Did Your CCA Actually Develop You, Or Just Keep You Busy?
This story is part of RICE Media’s Storytellers initiative, a mentorship programme for budding content creators to learn about the art of creative non-fiction. This piece is a product of a partnership between RICE Media and Singapore Management University (SMU) for its Professional Writing module.

Top image: Darren Satria / RICE file photo

It was in 2022 that Cady* stumbled upon a leaked Google Form response from her favourite teacher that contained a backhanded comment about her. It read, “Cady is a bright student in class, but has a tendency to pick and choose her commitments.”

The teacher had been referring to Cady’s Co-Curricular Activities (CCAs). Feeling overwhelmed by her academic load, she opted out of representing the school’s dance troupe in the National Day Parade.

A Secondary 4 student at the time, Cady felt she had overcommitted rather than being picky about her responsibilities.
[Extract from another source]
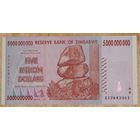 Зимбабве 5 биллионов миллиардов 5000000000 долларов 2008 UNC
Running a tutoring programme, launching a social impact project, and attending seven hours of dance training every week already resulted in her being sleep-deprived, on top of struggling academically.

She had been doing exactly what extracurriculars are supposed to help students with—figuring out what she cared about and protecting it. The school saw it differently.
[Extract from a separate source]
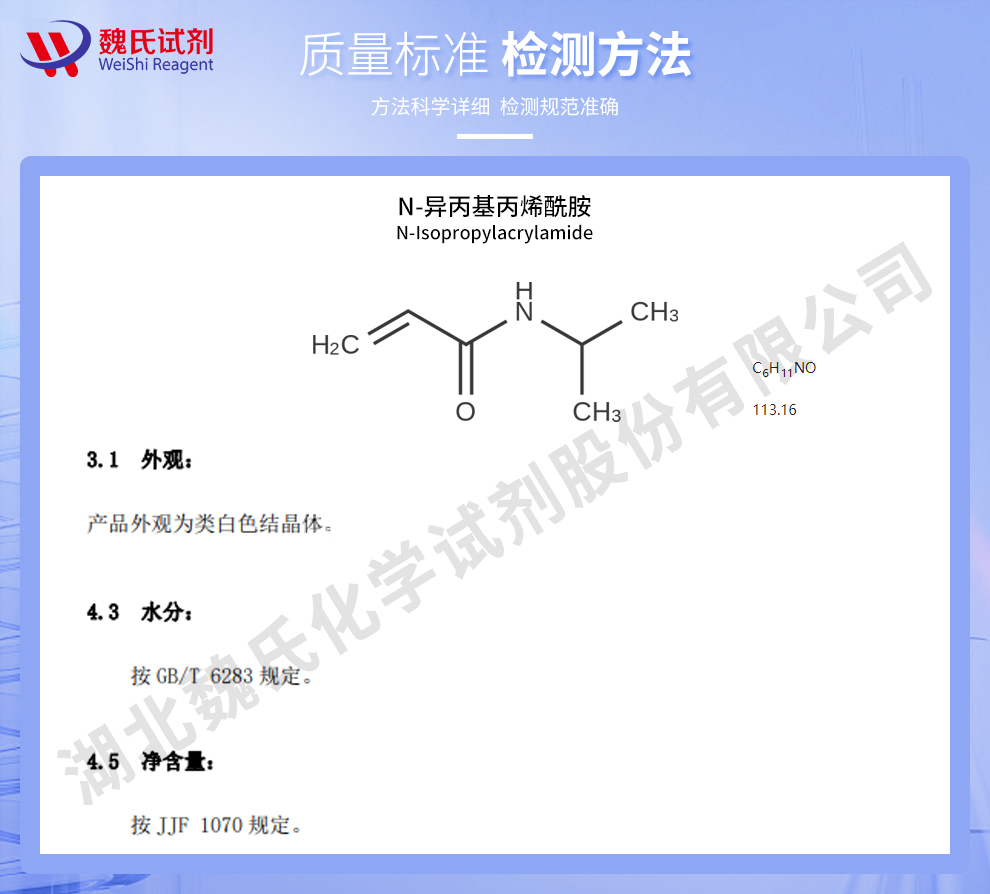 N-异丙基丙烯酰胺质量标准和检测方法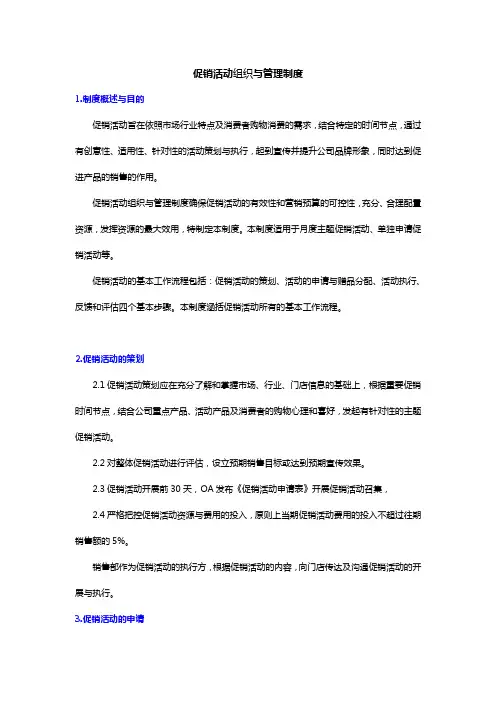 促销活动组织与管理制度制度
“I loved all the activities I was doing. Genuinely, I felt so excited working on each project, because those were all things I was passionate about and could see its impact on the people around me, and it was where I was growing the most as a person,” Cady reminisces. 

“But I couldn’t handle any more (work)—it (had) reached a point where I was walking a thin line between loving what I was doing and burning out.”

So when the teachers in charge announced the “incredible honour” to perform in NDP, Cady was already running on fumes. Training took up full Saturdays, which she had already spent studying and working on her social impact project—activities she had prior commitments to and that fuelled her even more —all the way until 9th August. 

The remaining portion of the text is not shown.